Since $\mu^*(A)$ is the infimum of the set of sums of the form $\sum_{i=1}^{\infty} A_i $, we can find a $\epsilon/2$ such that $\mu^*(A)+\frac{\epsilon}{2}> \sum_{i=1}^{\infty}A_i$
The same applies to $\mu^*(B)$ and we get: $\mu^*(B)+\frac{\epsilon}{2}> \sum_{i=1}^{\infty}B_i$
Now since $A\subseteq \cup_{i=1}^{\infty} A_i, B\subseteq \cup_{i=1}^{\infty} B_i$ we know that
$A \cup B \subseteq \bigl(\cup_{i=1}^{\infty} A_i \bigr) \bigcup \bigl(\cup_{i=1}^{\infty} B_i \bigr)$. Thus we can find a covering $\cup_{i=1}^{\infty} (A_i \cup B_i)$ of $A \cup B$.
Now the idea would be to write
$\mu^*(A \cup B)\leq \sum_{i=1}^{\infty}l(A_i \cup B_i)=\sum_{i=1}^{\infty} l(A_i)+\sum_{i=1}^{\infty} l(B_i)\leq \mu^*(A )+ \frac{\epsilon}{2}+\mu^*(B)+ \frac{\epsilon}{2}=\mu^*(A )+ \mu^*(B)+ \epsilon$
And since this wolds for all $\epsilon$ we get the result.

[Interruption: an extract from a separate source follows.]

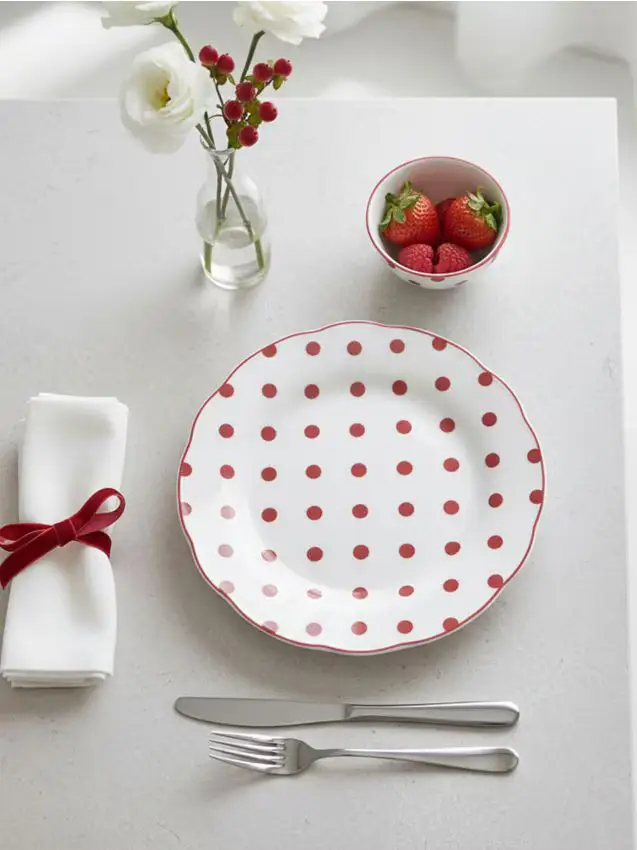Piatto in ceramica a pois - rosa cipria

But I do not know how to argue the step $\sum_{i=1}^{\infty}l(A_i \cup B_i)=\sum_{i=1}^{\infty} l(A_i)+\sum_{i=1}^{\infty} l(B_i)$. Since the only thing about $l$ I know is that it maps the empty set to zero. It was never mentioned that it behaves linear or any other property.
You're close, but this isn't quite right:
First, there's no reason why $A_i \cup B_i \in \mathcal{C}$, so $l(A_i \cup B_i)$ may be nonsense, and second, even if it does make sense, we might have $l(A_i\cup B_i) > l(A_i) + l(B_i)$, in which case you couldn't continue as you had.
Instead, what you actually want to write is $$\mu^*(A \cup B)\leq \sum_{i=1}^{\infty} l(A_i)+\sum_{i=1}^{\infty} l(B_i)\leq \mu^*(A )+ \frac{\epsilon}{2}+\mu^*(B)+ \frac{\epsilon}{2}=\mu^*(A )+ \mu^*(B)+ \epsilon$$
If you want the first inequality to be more clear, define the sequence $C_n \in \mathcal{C}$ by $C_{2i-1} = A_i$ and $C_{2i} = B_i$, so as a result $$A\cup B \subseteq \bigcup_{i=1}^\infty A_i \cup \bigcup_{i=1}^\infty B_i = \bigcup_{i=1}^\infty C_i$$ and then by the definition of $\mu^*$, $$\mu^*(A\cup B) \leq \sum_{i=1}^\infty l(C_i) = \sum_{i=1}^\infty l(C_{2i-1}) + \sum_{i=1}^\infty l(C_{2i}) = \sum_{i=1}^\infty l(A_i) + \sum_{i=1}^\infty l(B_i)$$